2. Wetable or waterproof materials: In new or existing buildings, we can anticipate which lower sections of the building may be prone to water intrusion during extreme weather and substitute “wetable” or waterproof materials for drywall in these interior areas, minimizing or reducing the possibility of damage and allowing for easy clean-up or replacement.
3. Critical back-up systems: Schools might be the main community center, place to go, or shelter in some communities. In these cases, it becomes even more important to build in those extra layers to help keep the building operational during periods of stress.
We design some schools as designated emergency-operations centers, where power, communications, and habitability will be maintained during a flooding emergency. Back-up generators, communications networks, and life-safety features like emergency lighting are critical. We must back up the things that will be needed in an emergency. Schools often link their freezers and coolers to back-up generators to ensure safe food storage during emergencies, an asset if the community seeks shelter there.
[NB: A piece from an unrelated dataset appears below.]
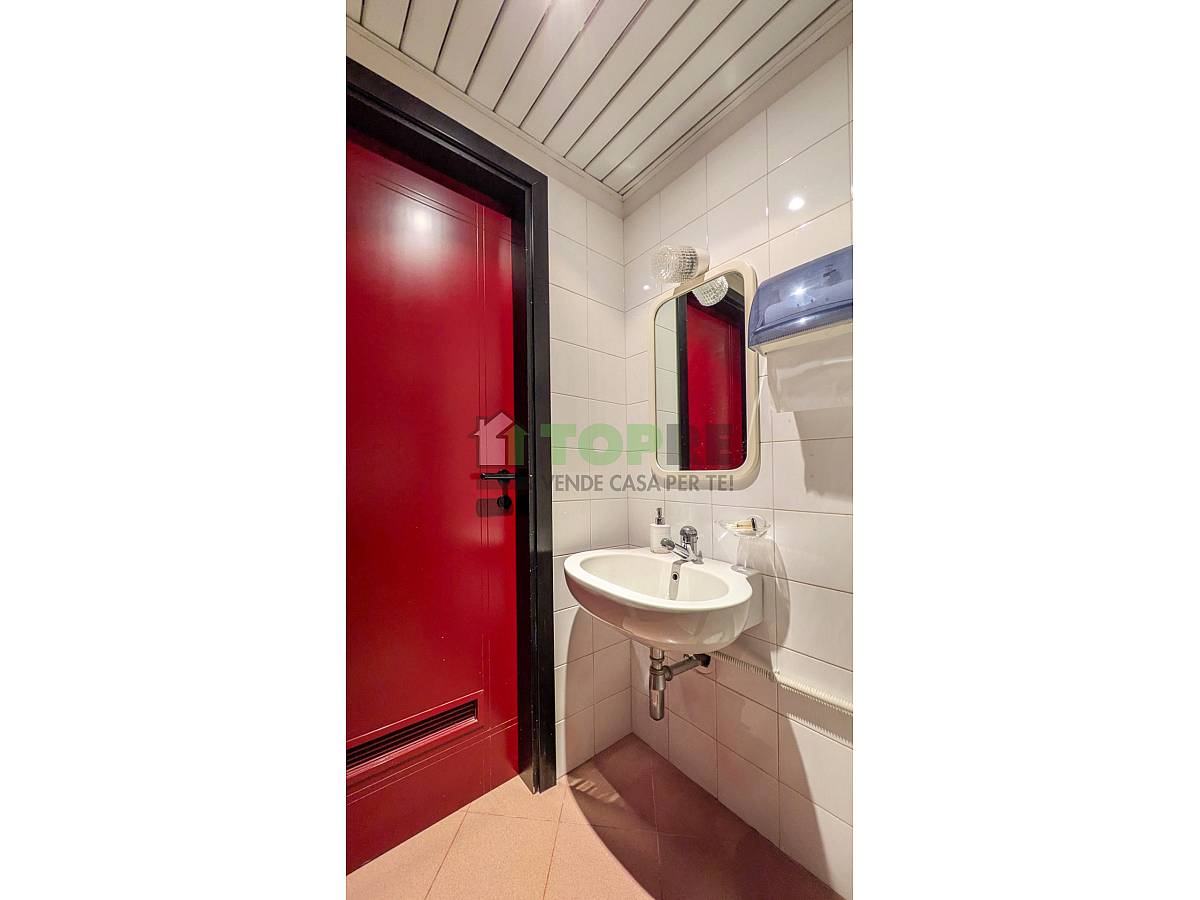 Office for sale in in Centro area at Pescara - 3907491 foto 16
4. Consider the network: Maintaining the school building is one thing, but when we consider the school as part of a community network that must respond to emergencies another set of questions emerges. Does the community have a plan for emergencies and extreme weather? How will communications be maintained? What role will the school building and systems play, and which part(s) of the school does that involve? The facility must be able to accommodate the plan. We must make these emergency systems intuitive so that they are easy to operate in emergency conditions.
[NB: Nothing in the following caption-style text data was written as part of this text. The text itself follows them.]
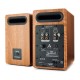 Diffusore Amplificato Argon Audio Fenris Active 4 (coppia) Diffusore Amplificato Argon Audio Fenris Active 4 (coppia)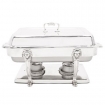 Chafing Dish Rentals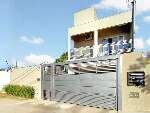 Excelente Sobrado &ndash; Vila Ant&ocirc;nio Vendas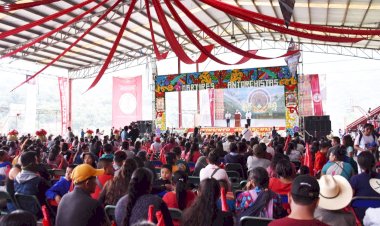 Huitzilan de Serdán: 40 años como ejemplo de desarrollo de los pueblos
5. Take a “belt and suspenders” approach: Preparing for flooding requires a “belt-and-suspenders” approach to infrastructure and backups. That means preparing for the worst and then some. No matter how confident we might be in our primary system for dealing with floods, we should design a back-up feature as a safety net.
For example, for an existing facility in a highly flood-prone area or flood plain, we’ll design in flood gates and flood walls to keep the water out. That’s the “belt.”
Should those fail, all the materials behind those areas should be “wetable.” That is, if water gets through the first system, it will encounter waterproof materials, so damage will be minimal. That’s the “suspenders.”
Schools matter, and that’s especially true in times of emergency. They are often a focal point in the community—especially in more sparsely populated areas. They are an important piece of the social infrastructure that community members rely on. We must design them to perform and help people make it through whatever extreme weather events can throw at them.